After the happy peak of 1990-1991, it feels sad to bring this little series crashing back down. The following graph shows the sum total of Nirvana originals appearing in set-lists for the final two and a half years of the band’s existence:
As pointed out the other week in a blog comment, there’s a rumour that I Hate Myself and I Want to Die was played in 1993 — I’ve stuck to the Nirvana Live Guide as it stood in December 2012 for the time being. It’s intriguing really to see the band revert to a pattern most similar to 1987 or 1988 where they weren’t playing many shows…But the reduction in workload also seems to have reduced the amount of new works being creating. There’s a idiom my mum uses sometimes “the less you have to do, the less you do,” that sometimes pressure helps get results. Nirvana’s live shows derail the pattern of 1989-1991. 1992 gives the impression of a rabbit in headlights, too scared to move in any direction for fear of what might happen:
The work rate of 1989-1991 required a band that were practising solidly, working up new covers and so used to playing together night-after-night that they could readily lock into each new selection seamlessly. The band could still pull out a solid cover if they’d practiced (Seasons in the Sun, The Money Will Roll Right In, The Man Who Sold the World) but most of these covers are bare skin n’ bone. The January 1993 deluge in Sao Paolo was the result of Kurt barely being willing to play; the band had to swap instruments, Kurt on drums, and plod through covers just to fill their contractually obliged stage time with Krist lobbing his bass at Kurt and storming off in sheer frustration at one point.
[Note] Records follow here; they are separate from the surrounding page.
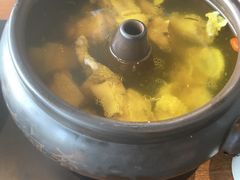 -云海肴·汽锅鸡·云南菜(天山百盛优客店)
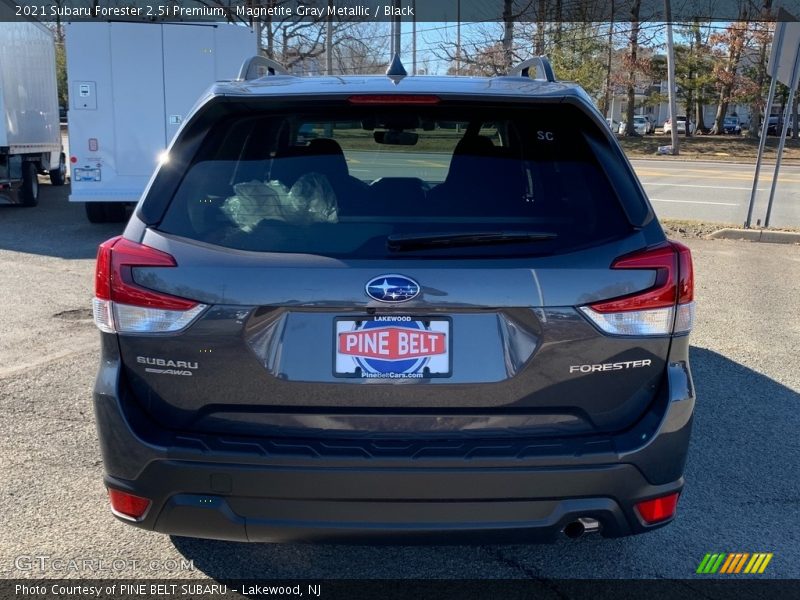 Magnetite Gray Metallic / Black 2021 Subaru Forester 2.5i Premium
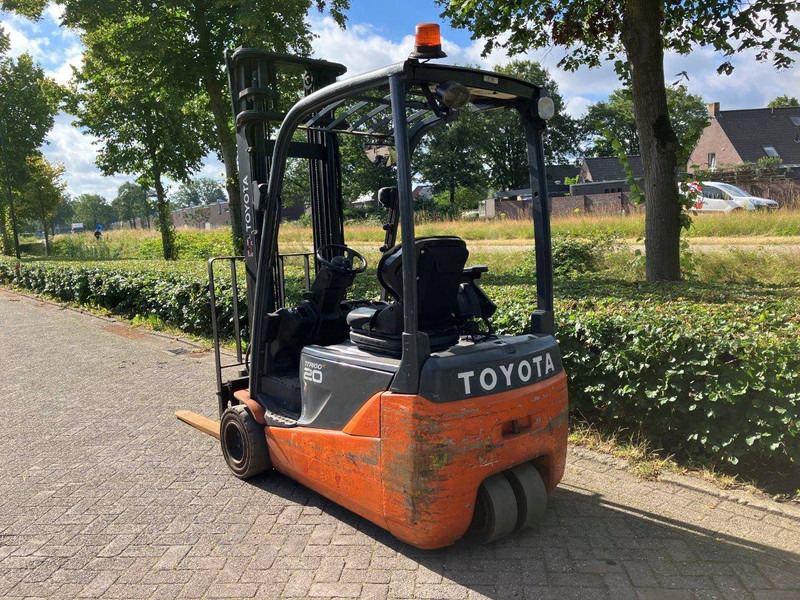 Toyota 8FBR20T - Electric forklift: picture 3 Toyota 8FBR20T - Electric forklift: picture 3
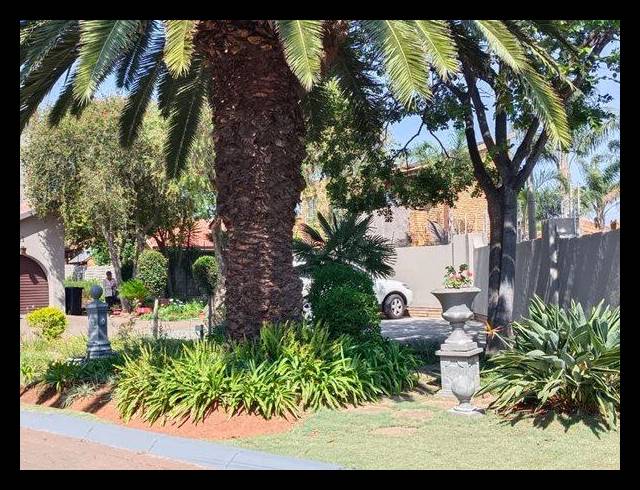 2 BEDROOM TOWNHOUSE FOR SALE IN GLEN MARAIS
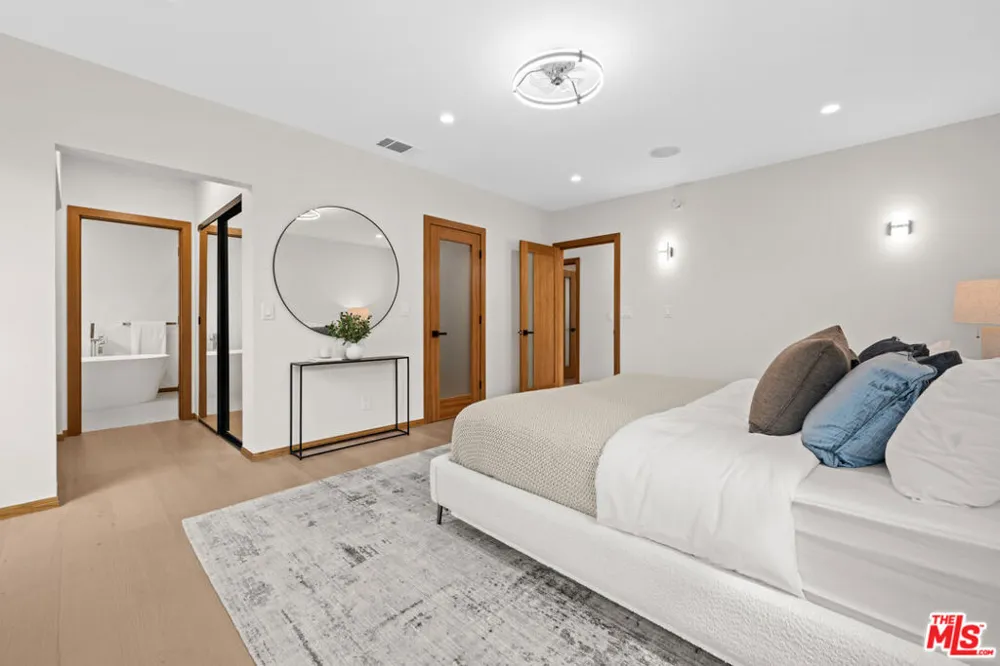 348 S Orange Drive Los Angeles, CA 90036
While 1989, 1990 and 1991 were so busy each year required its own screen shot, the full summary of 1992-1994 is as follows:
Each year from 1989-1991 the band had been knocking out twelve new original Nirvana songs a year on stage, in 1992, they manage one, in 1993 they rocket up to eight…Then nothing. 1992 is a write-off, 1993 relies on cover songs to maintain the stepped momentum, 1994…
No words.
Another way of looking at it is to examine how many new songs or covers Nirvana knocked out in how many shows:
Of course 1987 is irrelevant given how skewed it is by their first performance (all new!), also 1988 suffers from the extensive gaps in the set-list record. The pattern across the succeeding years are fairly solid, however, Nirvana were cranking out a new song ever two/three shows 1989-1991, even the large number of set-lists available for the extensive touring in 1991 can’t substantially dilute the result — this was one hard-working band. It does make 1993 look like a resurgence, heck, Nirvana are pulling fresh originals on stage at the same rate as they do in 1991, roughly one new song for every five shows. The cover number is buoyed up to a ridiculous level by Sao Paolo and MTV Unplugged in 1993. In fact, removing those two shows, each a special circumstance, from the equation and just looking at their ordinary gigs would bring the stat down to 0.14, a fresh cover appearance every ten shows or so, the same as 1992, the same as 1994.
As usual, it all depends how you look at things, how you want to see things…What the hey. It’s fun to play with the point of view.